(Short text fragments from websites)
# # # # # # #
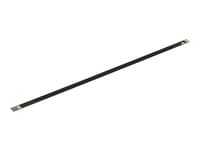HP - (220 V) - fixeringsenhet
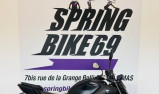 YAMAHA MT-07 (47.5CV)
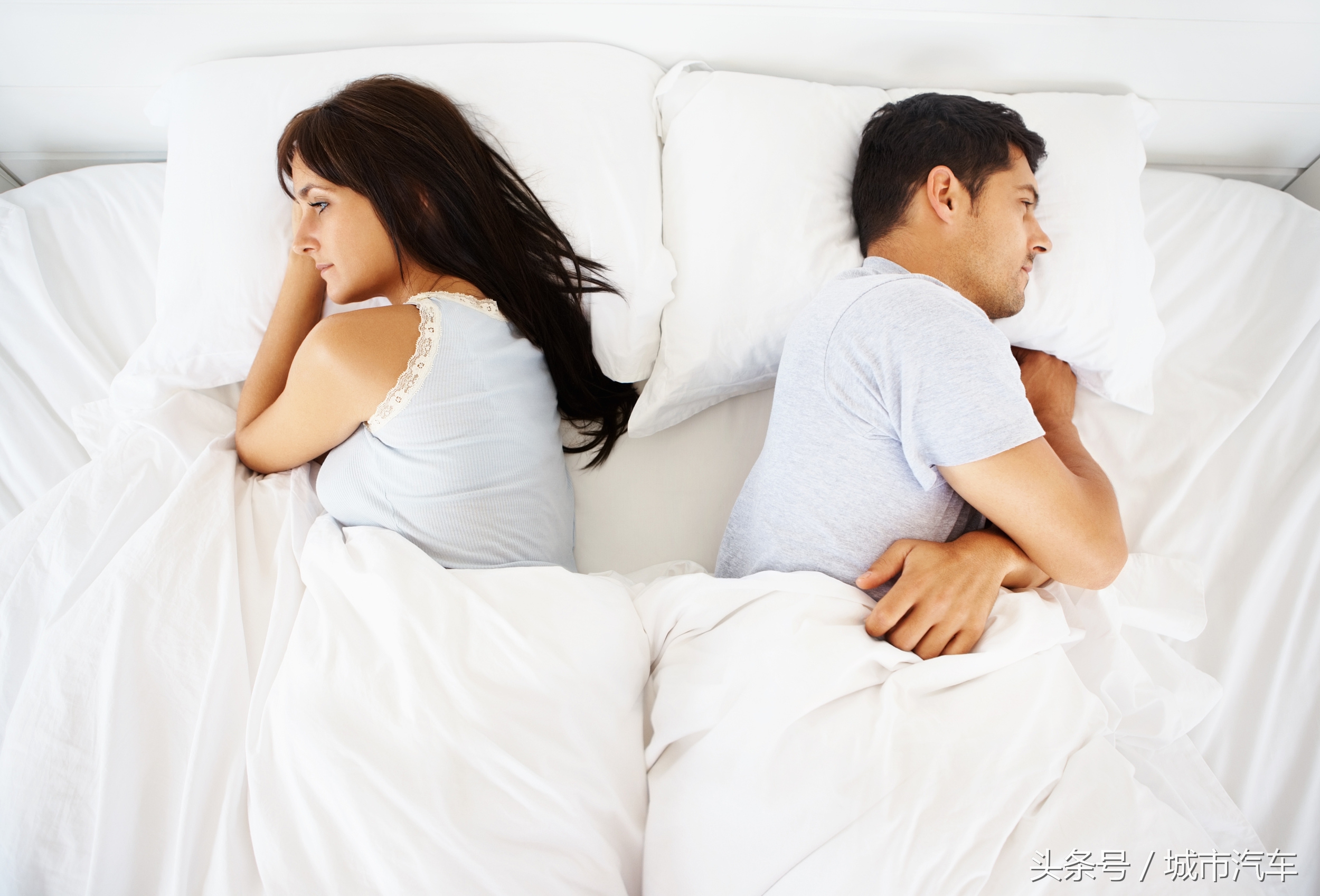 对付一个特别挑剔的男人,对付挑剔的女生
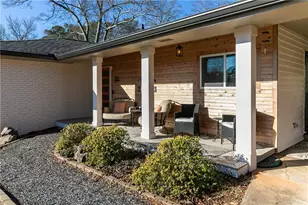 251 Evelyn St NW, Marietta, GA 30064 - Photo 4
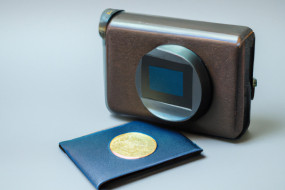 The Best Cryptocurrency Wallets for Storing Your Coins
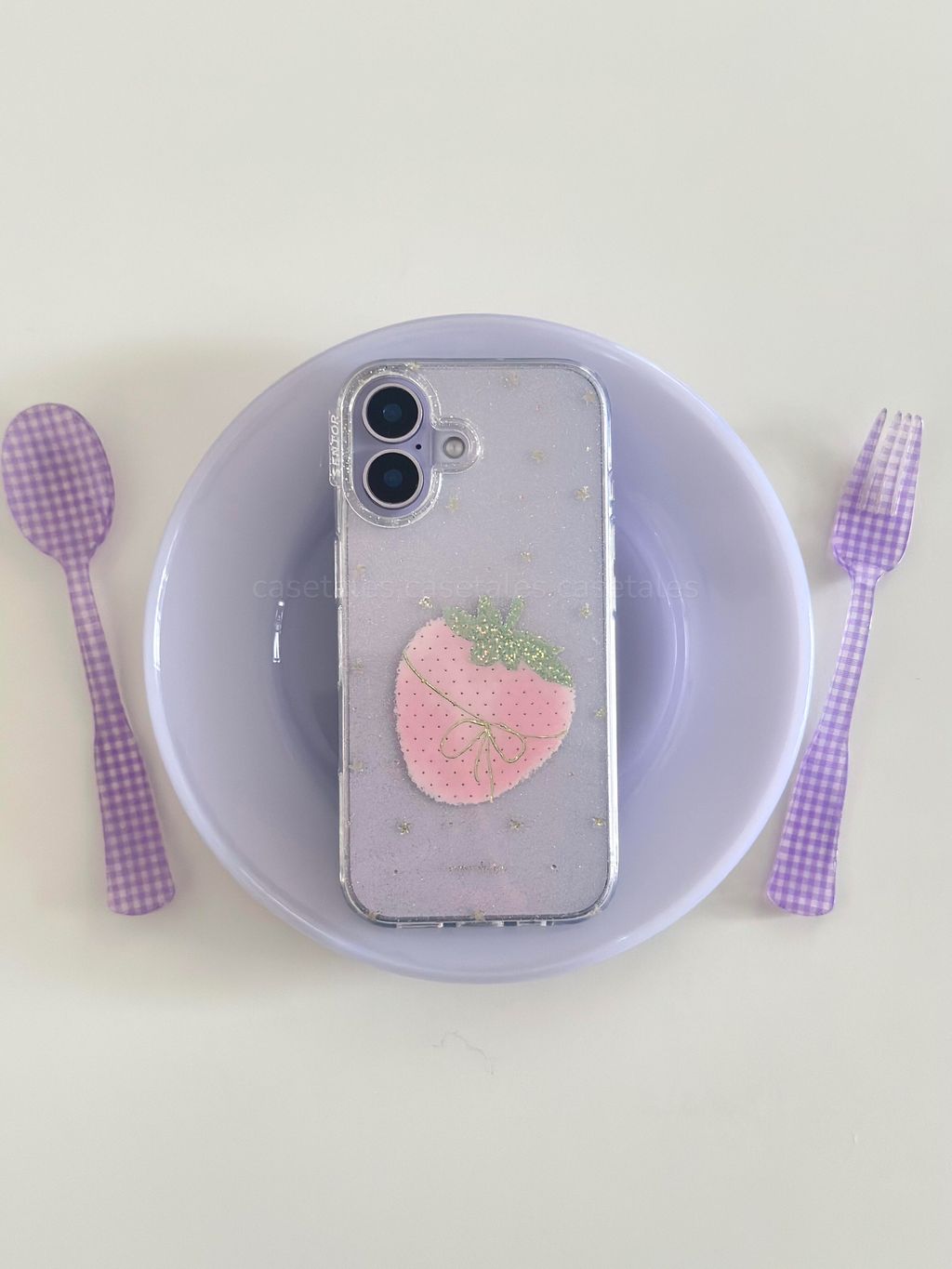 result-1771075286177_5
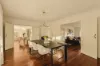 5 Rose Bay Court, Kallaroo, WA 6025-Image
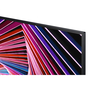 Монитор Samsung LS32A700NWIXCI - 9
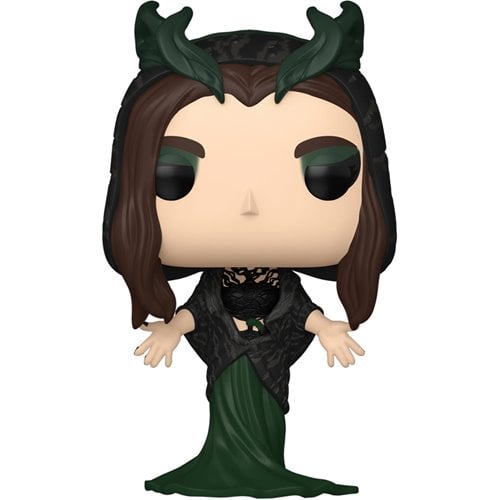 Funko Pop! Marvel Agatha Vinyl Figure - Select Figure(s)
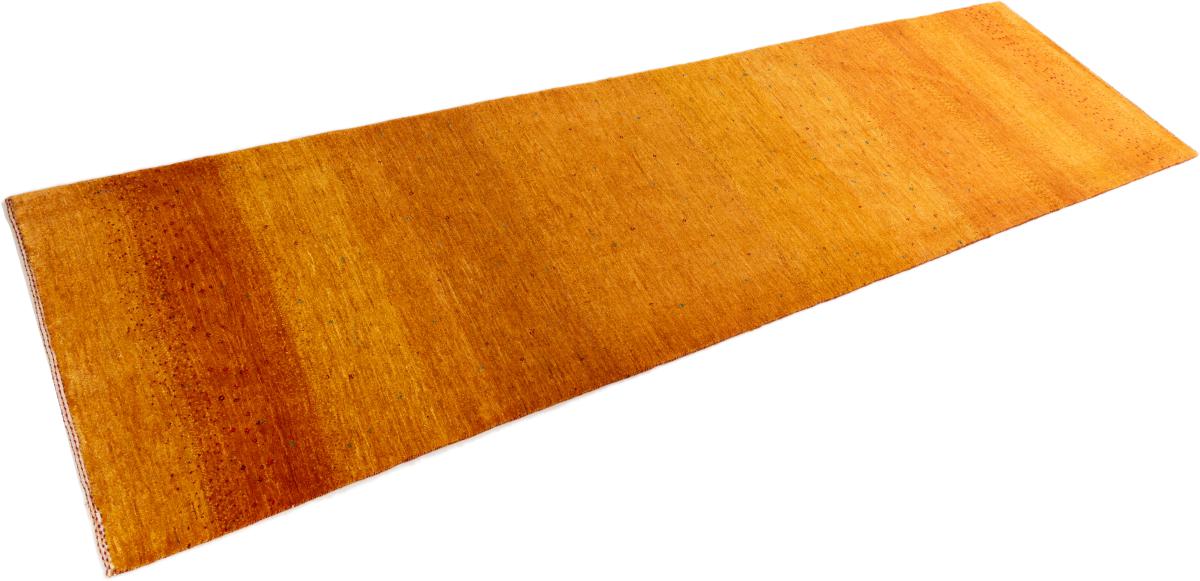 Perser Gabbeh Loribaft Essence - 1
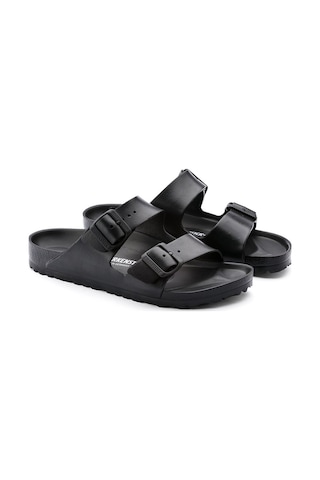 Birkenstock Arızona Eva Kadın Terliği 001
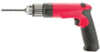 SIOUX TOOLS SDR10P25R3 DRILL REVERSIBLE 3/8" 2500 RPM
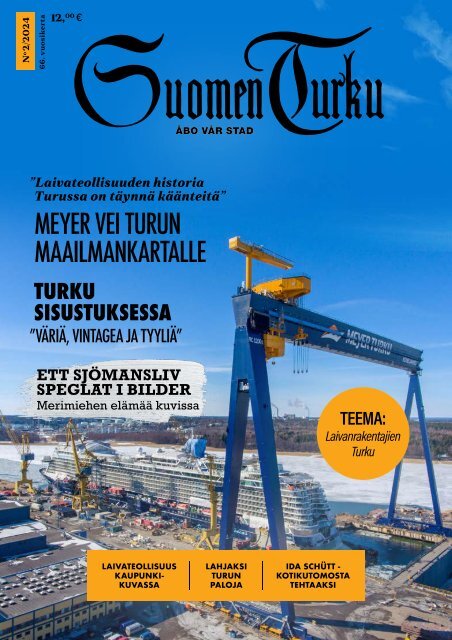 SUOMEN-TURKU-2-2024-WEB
# # # # # # #
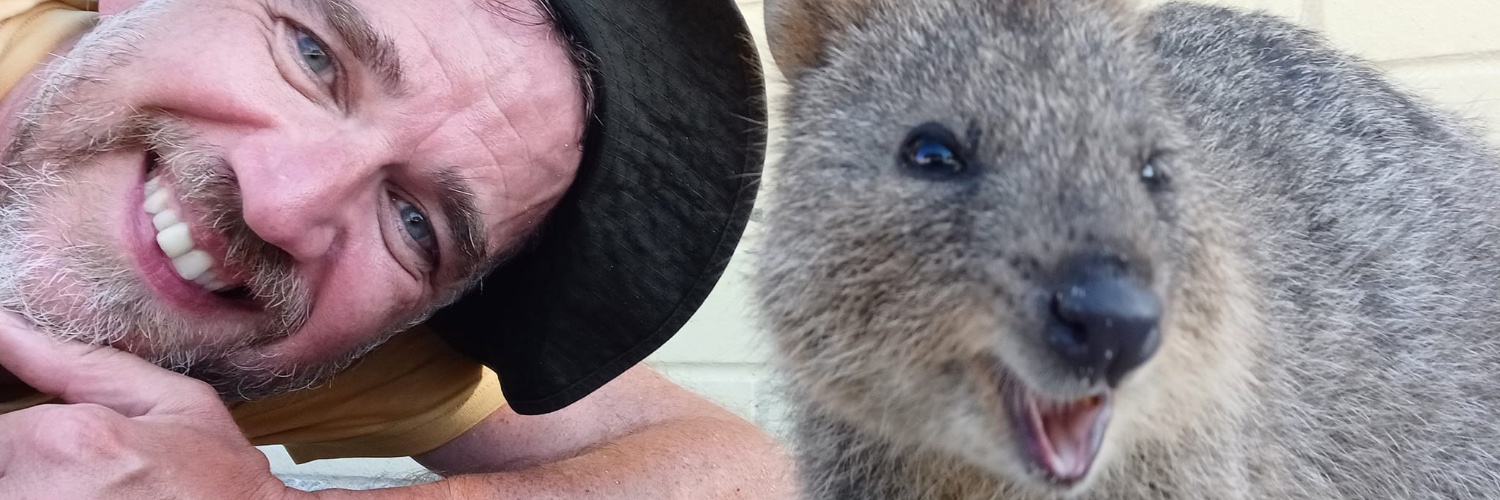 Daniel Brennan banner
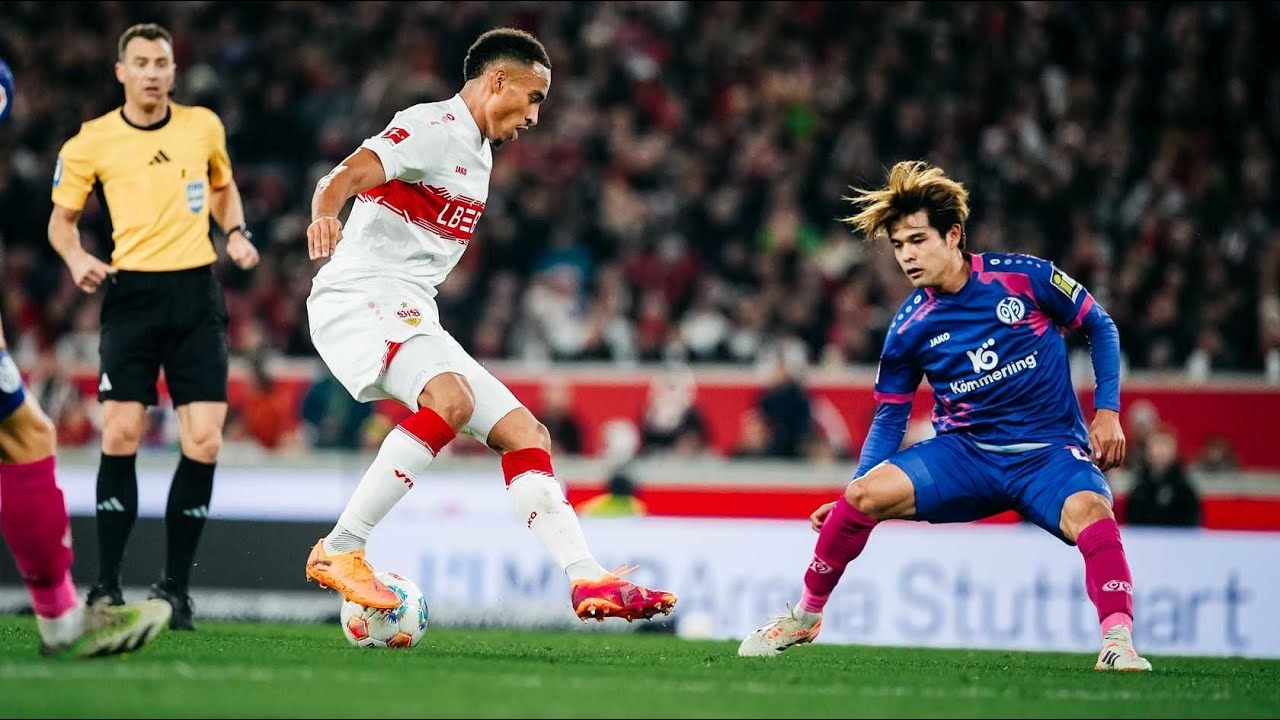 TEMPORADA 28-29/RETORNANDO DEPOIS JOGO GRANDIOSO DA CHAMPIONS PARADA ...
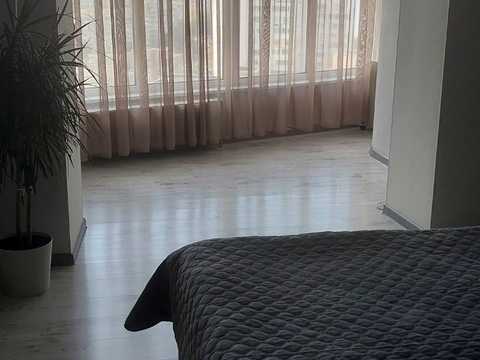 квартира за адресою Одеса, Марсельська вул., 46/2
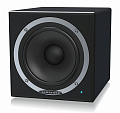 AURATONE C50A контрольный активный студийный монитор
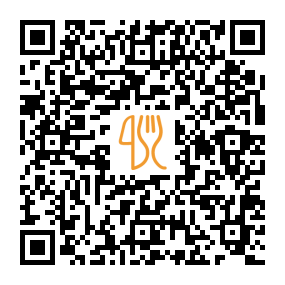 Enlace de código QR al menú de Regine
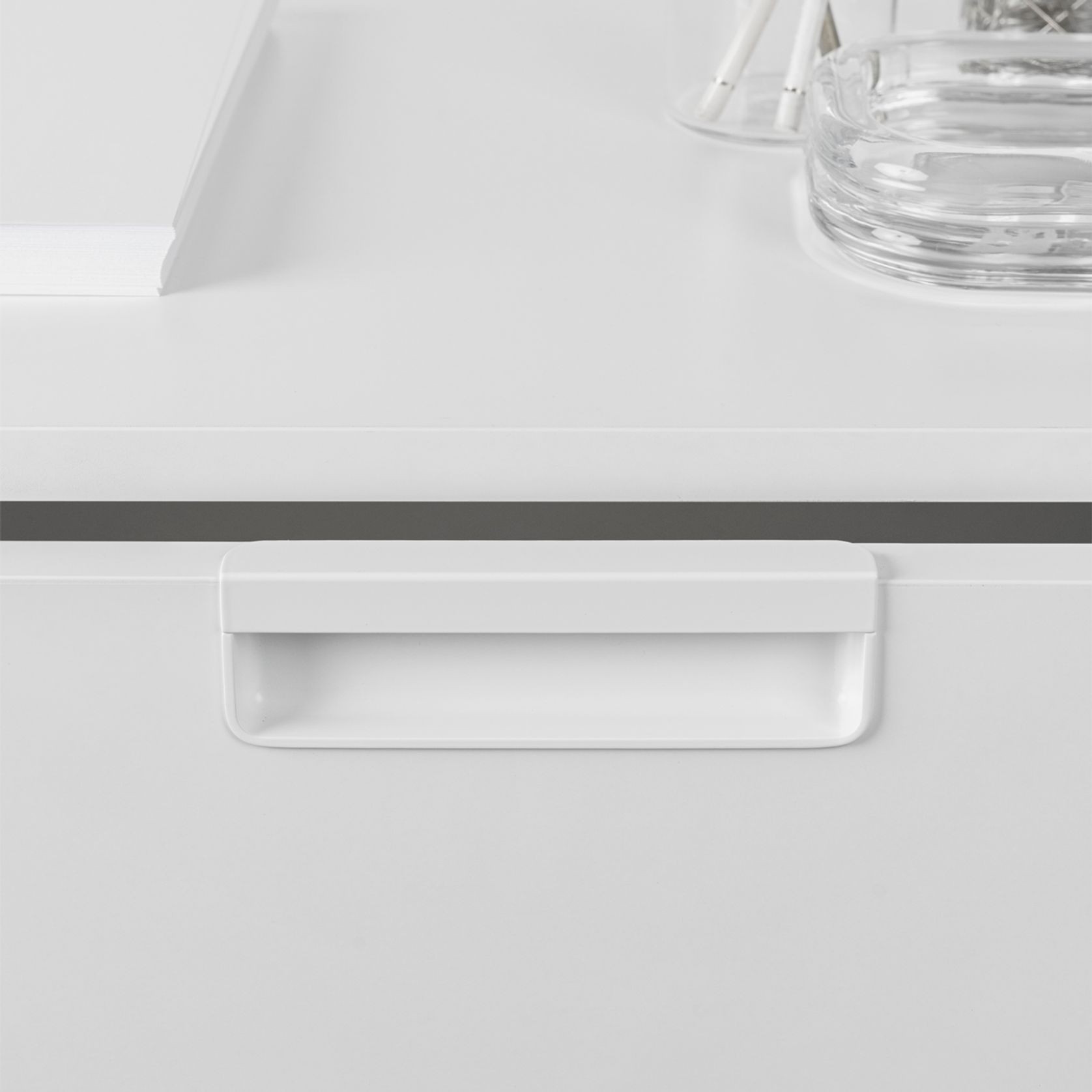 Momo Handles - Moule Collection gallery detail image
# # # # # # #
**WORK TO COMPLETE**.
When copying from the data above, begin at the line containing "Монитор Samsung LS32A700NWIXCI - 9" and end at the line containing "SUOMEN-TURKU-2-2024-WEB"; return those lines exactly and leave all pictures behind.

**EXERCISE OUTPUT**.
 Монитор Samsung LS32A700NWIXCI - 9
 Funko Pop! Marvel Agatha Vinyl Figure - Select Figure(s)
 Perser Gabbeh Loribaft Essence - 1
 Birkenstock Arızona Eva Kadın Terliği 001
 SIOUX TOOLS SDR10P25R3 DRILL REVERSIBLE 3/8" 2500 RPM
 SUOMEN-TURKU-2-2024-WEB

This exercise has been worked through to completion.